Yes — recommended as the default. Hybrid search provides consistent quality gains, particularly in ranking quality (MRR), where improvements range from +5 to +9 points depending on the dataset. It adds minimal latency because keyword and vector search run in parallel. There is no meaningful downside to enabling it.
Can we grow the knowledge base without losing accuracy?
Yes — recall remains stable across all KB sizes. All three datasets maintain Recall@200 above 97.4% from ~136k to ~400k chunks as total knowledge base size, with no meaningful degradation. MRR shows a small but consistent decline of 0.011 across the full scaling range, which is expected as more candidates compete for top ranking positions. The system scales gracefully without sacrificing retrieval quality.
How fast is it?
~0.9–1.2 seconds per search query and limit of 200 chunks, end-to-end. This includes embedding generation via cloud API, vector search, keyword search (for Hybrid), result merging, and full HTTP round-trip. Latency scales gradually with KB size, adding approximately 5% overhead when growing from ~136k to ~400k chunks.
Practical Recommendations
Recommendation | Detail |
|---|---|
Default search mode | Enable Hybrid (DBSF) — better quality, negligible latency cost |
Token budget | 50k tokens for standard documents, 75k for complex/diverse content |
Scalability | KB can grow to 400k+ chunks with stable recall on well-structured documents |
Appendix
How limit and hnsw_ef Interact
Qdrant internally computes the effective HNSW beam width as:
effective_ef = max(hnsw_ef, limit)This means hnsw_ef only controls search quality when it exceeds limit. If limit is larger, it silently becomes the beam width — an HNSW search cannot return more results than candidates it explored.
hnsw_ef | limit | effective_ef | hnsw_ef controls? |
|---|---|---|---|
256 | 100 | 256 | Yes |
256 | 200 | 256 | Yes |
256 | 500 | 500 | No — limit dominates |
256 | 1000 | 1000 | No — limit dominates |
Latency impact. The following single-variable benchmarks use the Legal dataset (134K chunks) with full end-to-end latency (HTTP round-trip, embedding, search, serialization).
Varying limit (hnsw_ef fixed at 128):
limit | effective_ef | mean latency |
|---|---|---|
10 | 128 | 1,091 ms |
100 | 128 | 1,340 ms |
200 | 200 | 2,954 ms |
500 | 500 | 6,097 ms |
1000 | 1000 | 9,495 ms |
While limit <= hnsw_ef, latency stays roughly constant. The moment limit exceeds hnsw_ef, latency jumps: limit=200 is 2.2x slower than limit=100, and limit=1000 is 7.1x slower.

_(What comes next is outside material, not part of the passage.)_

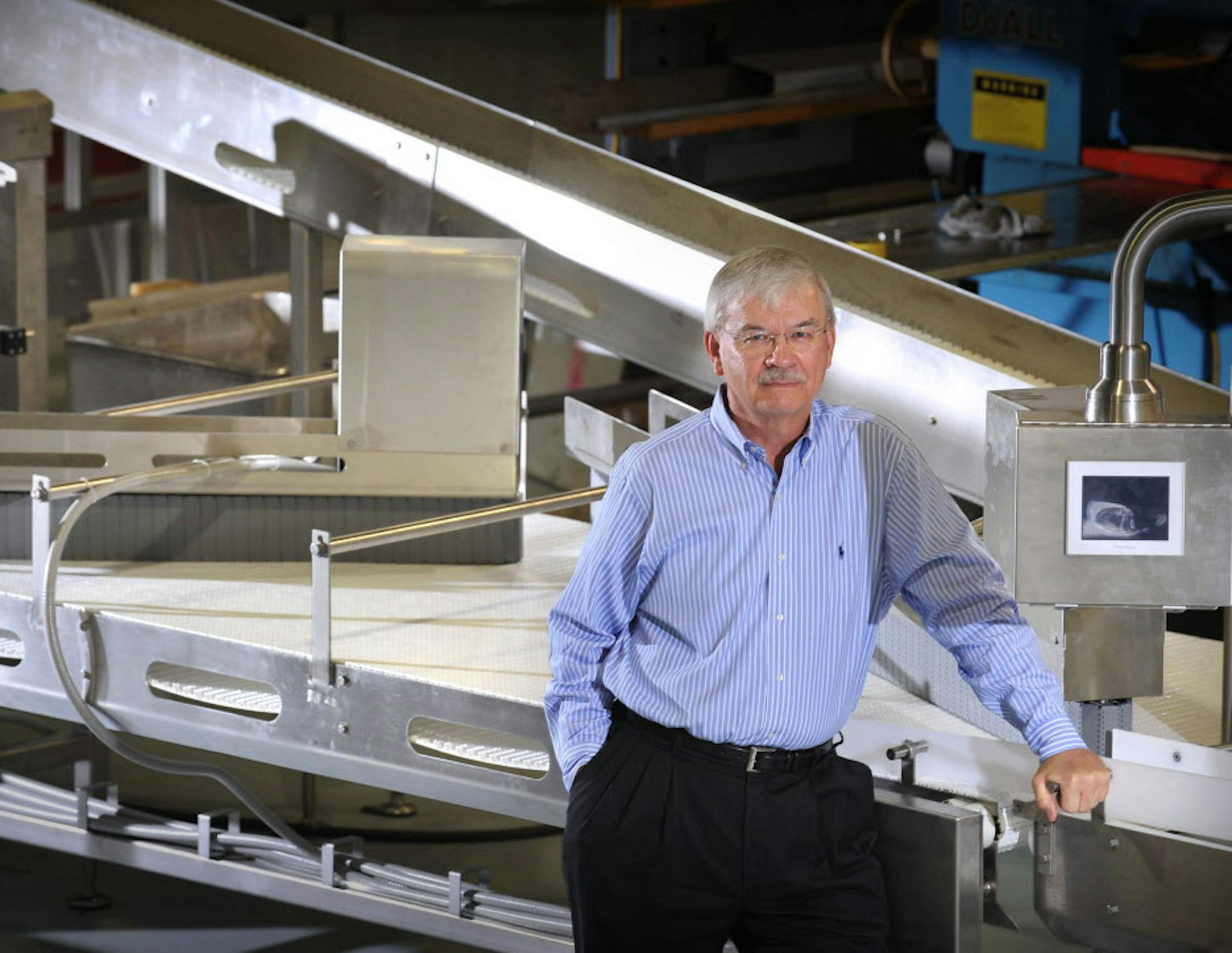 GLEN STUBBE ï gstubbe@startribune.com -- Tuesday , June 16, 2009 -- Burnsville, Minn. -- ] Gary Hadley, president, MultiSource Manufacturing, with a machine that can sort and package 1000 frozen pancakes every minute heading for a Tennessee customer .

Varying hnsw_ef (limit fixed at 100):
hnsw_ef | effective_ef | mean latency |
|---|---|---|
128 | 128 | 1,459 ms |
256 | 256 | 2,214 ms |
512 | 512 | 3,534 ms |
1024 | 1024 | 5,599 ms |
Doubling the beam width adds roughly 50–75% latency at each step.
Parallel search string overhead. The system sends multiple search strings per question concurrently. This parallelism is sub-linear — wall-clock time grows, but much less than linearly:
Parallel searches | Overhead vs single |
|---|---|
1–3 | 5–21% |
4–5 | 51–63% |
7–10 | 85–156% |
With 4–5 search strings per question (our typical range), the wall-clock time for the full retrieval step is roughly 1.5–1.6x a single search call, not 4–5x.
Choice of Fusion Strategy for Hybrid Search
We evaluated three strategies for merging vector and keyword search results in Hybrid mode:
Strategy | Description |
|---|---|
Interleaved (ZIP) | Alternates results from each search type based on a weight ratio |
Reciprocal Rank Fusion (RRF) | Assigns scores based on rank position in each list |
Distribution-Based Score Fusion (DBSF) | Normalizes raw scores from each search type and computes a weighted average |
All three strategies produce comparable Recall@200 — the choice of merge strategy does not significantly affect whether the relevant chunk is found in the top 200 results. Differences are within 1 percentage point across all datasets.
DBSF provides a modest advantage in ranking quality (MRR), meaning the relevant chunk tends to appear slightly earlier in the result list. This is why DBSF is our recommended default. However, the fusion strategy is not a critical lever — retrieval quality is driven primarily by the underlying search engines, not by how their results are merged.